The eastern Free State is still Ace Magashule’s empire of destruction.
I’m on a trip to the original sin site of State Capture: the Estina Dairy Farm now called the Integrated Vrede Dairy Project. Here, black Free State farmers were bilked out of hundreds of millions of rands in the first incursion by the Gupta family into South Africa.
The Commission of Inquiry into State Capture confirmed that money meant for the project was laundered out of the province to pay for the 2013 Sun City Bollywood wedding of the Gupta daughter, Vega Gupta, to Aakash Jahaggarhia.
Vrede. A decade on, in the Eastern Free State, the town called ‘peace’ in Afrikaans is broken and nearly dead. It symbolises how the country has struggled to recover from the lost decade of grand corruption.
Like so many other towns in the beautiful mielie gold province, it’s also testimony to former ANC strongman and provincial premier Ace Magashule’s reign of extraction. Magashule hired the Gupta money-man Ashok Narayan as an advisor in the Premier’s Office, and a long line of bureaucrats facilitated the theft of at least R280-million from the province’s agriculture budget and its redirection to the wedding planners and as the initial deposits for the mega-state capture project.
Ten years later, as we drive through Bethlehem, Memel, and Warden off good national roads into rutted provincial routes and finally onto broken municipal roads in what were once thriving farming towns, the poem Ozymandias comes to mind, its words resonant.

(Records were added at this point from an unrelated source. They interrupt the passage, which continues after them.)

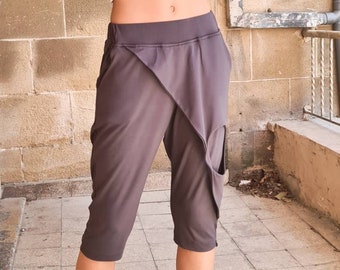 Capri pants with skirt/womens cotton capri pants/loose capri pants/futuristic capri pants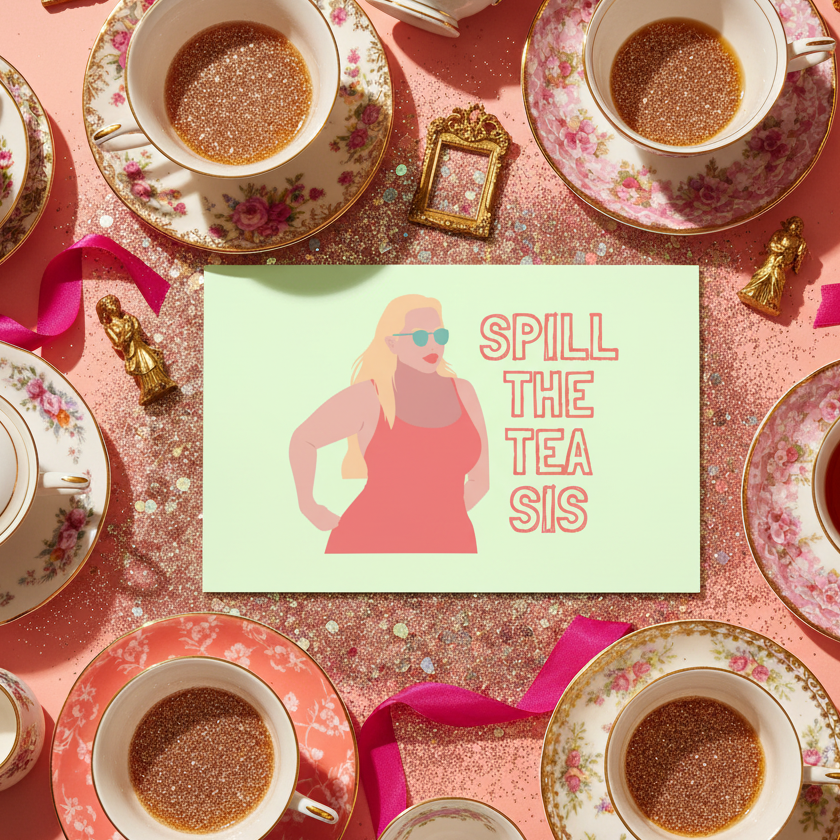Spill The Tea Sis Postcard shows a blonde woman in sunglasses and red dress on pink glitter, with teacups, gold figurines, ribbons.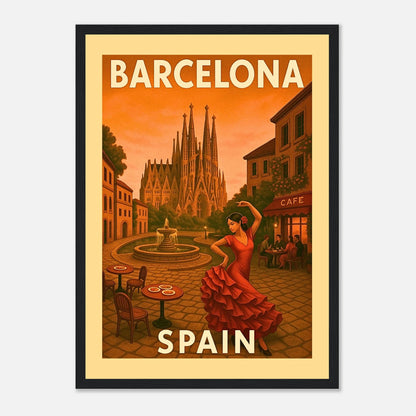 Barcelona Poster im schwarzen Holzrahmen – dekoratives Wandbild im Retro-Stil mit Flamenco, Cafés und spanischer Architektur.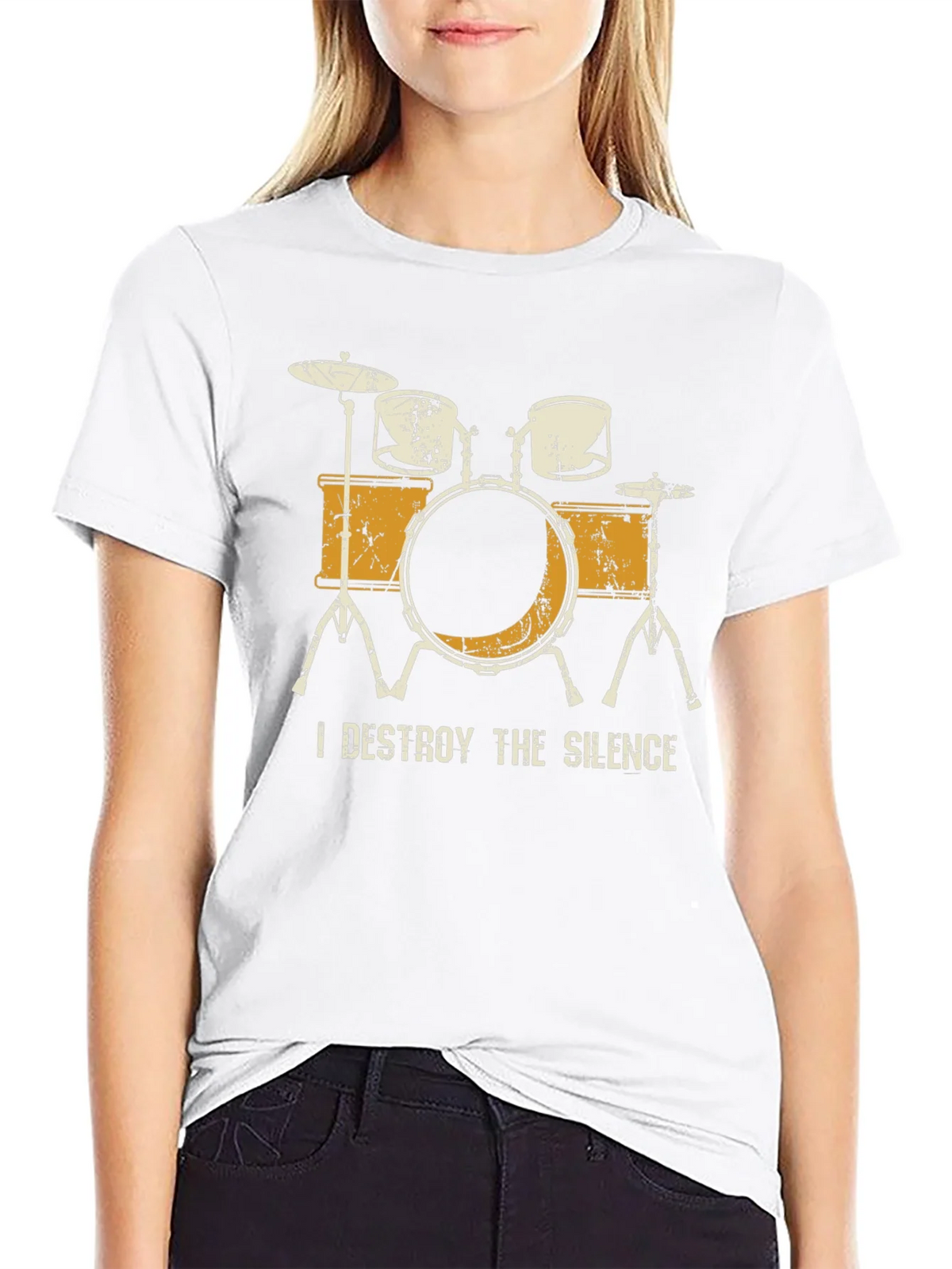 I Destroy The Silence Drum Set Graphic Tee product image 11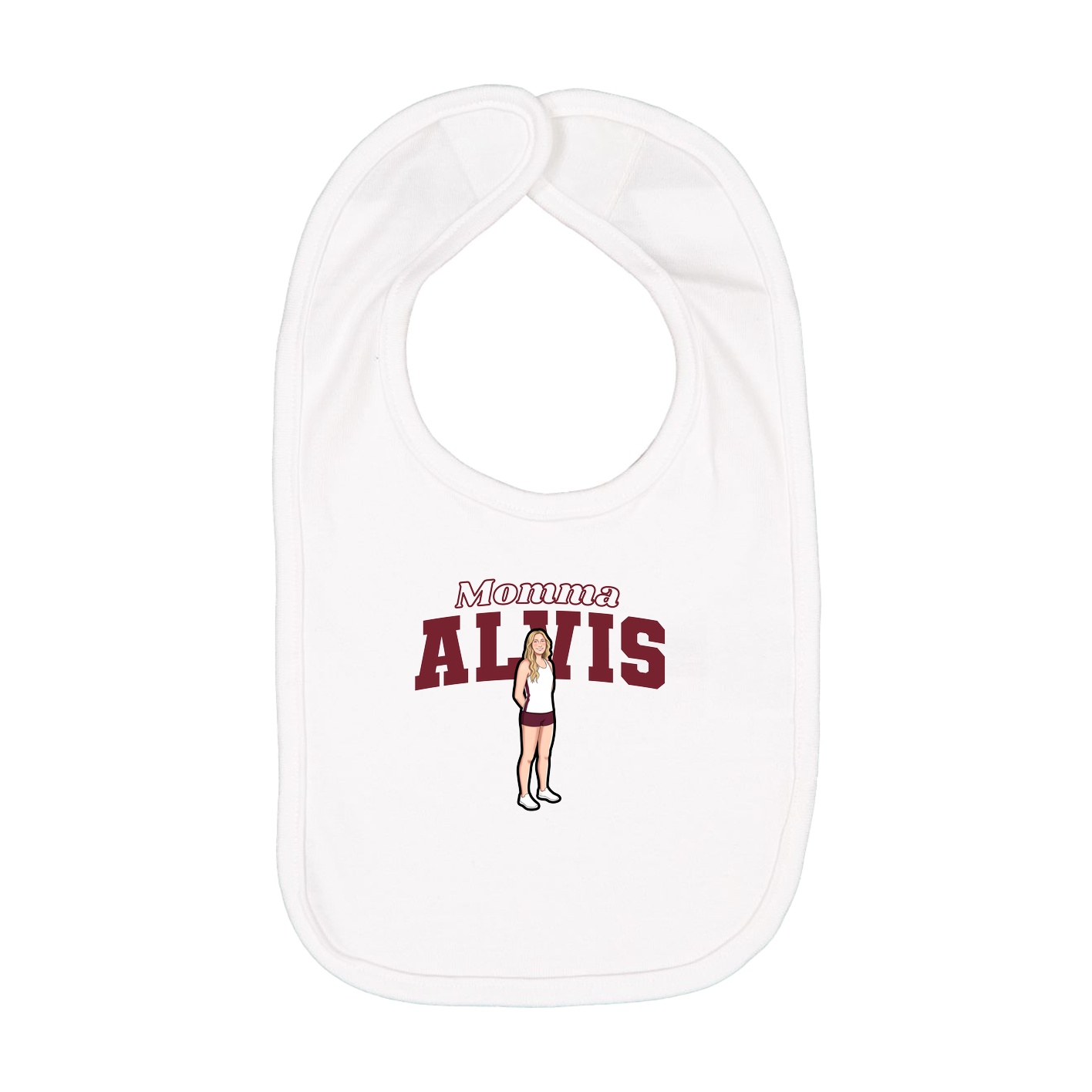 Infant Bib — Mothers Day Block in White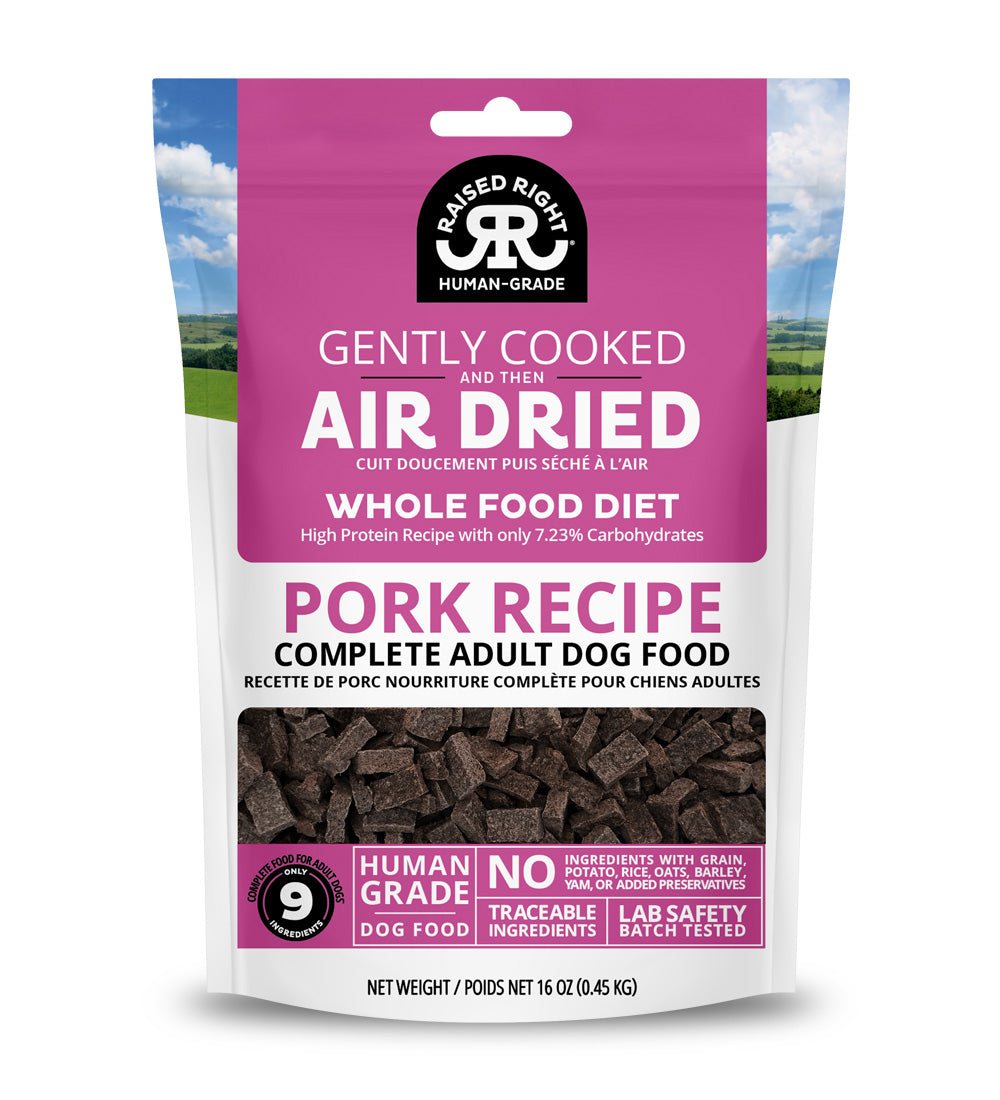 Raised Right: Air-Dried Dog Food - Pork Recipe 16oz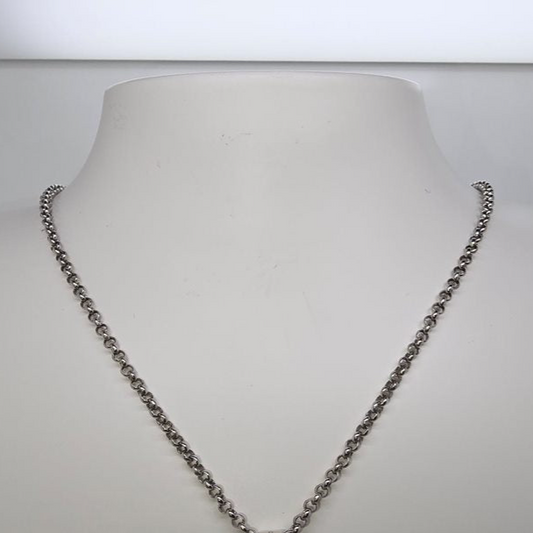 18CT WHITE GOLD ITALIAN IMPORTED 45CM BELCHER CHAIN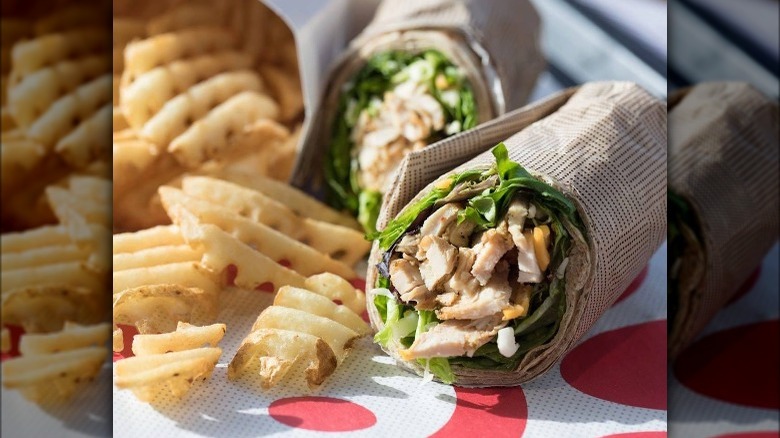 A grilled chicken Cool Wrap and fries from Chick-fil-A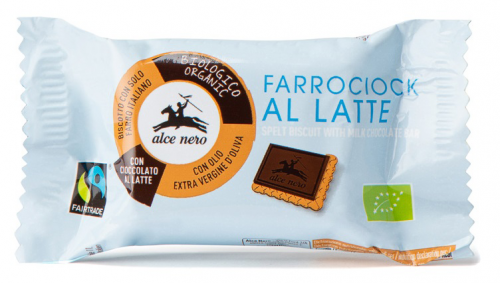 Alce Nero HERBATNIKI ORKISZOWE z Mleczną Czekoladą Fair Trade BIO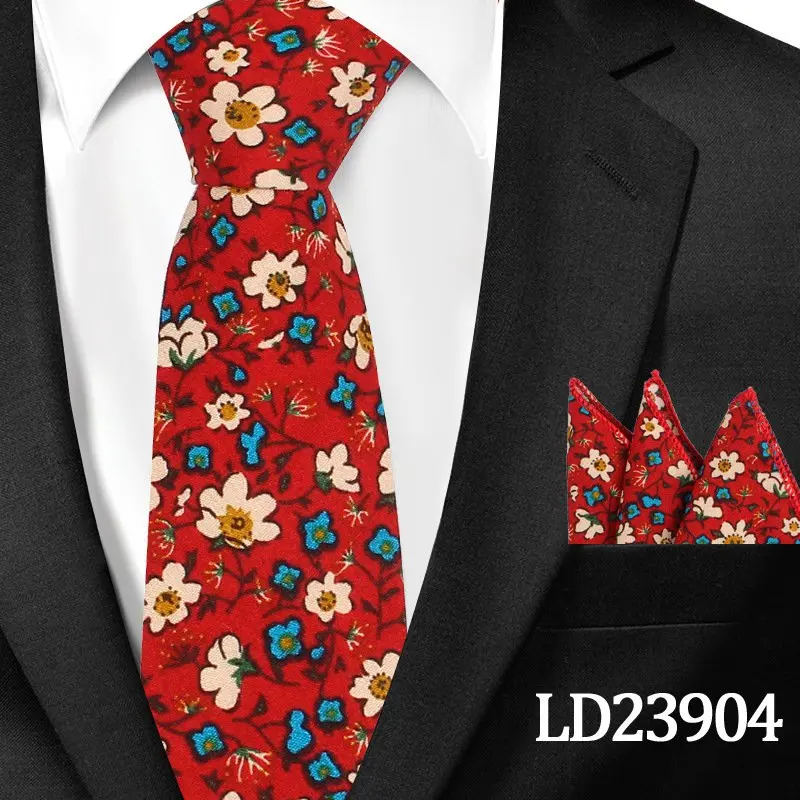 

Men Tie Cravat 2pcs/Set Cotton Print Neck Ties for Men Hanky Neckwear Colorful Floral Stitching Skinny Wedding Party Accessories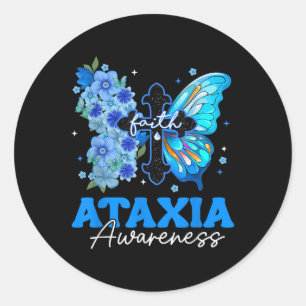 Adesivo Redondo Faith Butterfly Christian Cross Ataxia Consciência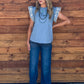 Blue Floral Embroidered Top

Shelley wrote of corrupted legacies, and how a monument to a tyrant lay lost in the desert, its decaying inscription read: “Look on my works, ye Mighty and despair”. Shelley ends: “No thing beside remains. Round the decay of that Colossal Wreck, boundless and bare, (t)he lone and level sands stretch far away”.
The Free State is not desert, of course. It is rich mealie land, golden fields as far as the eye can see and beautiful in the ways that the central parts of our country show up. There is some gas exploration, tourism and gold mining, now reaching the end of its life. Magashule and the ANC had much to build on when apartheid ended, but the towns are now monuments to what happens when the shadow of State Capture replaces the provincial constitutional state.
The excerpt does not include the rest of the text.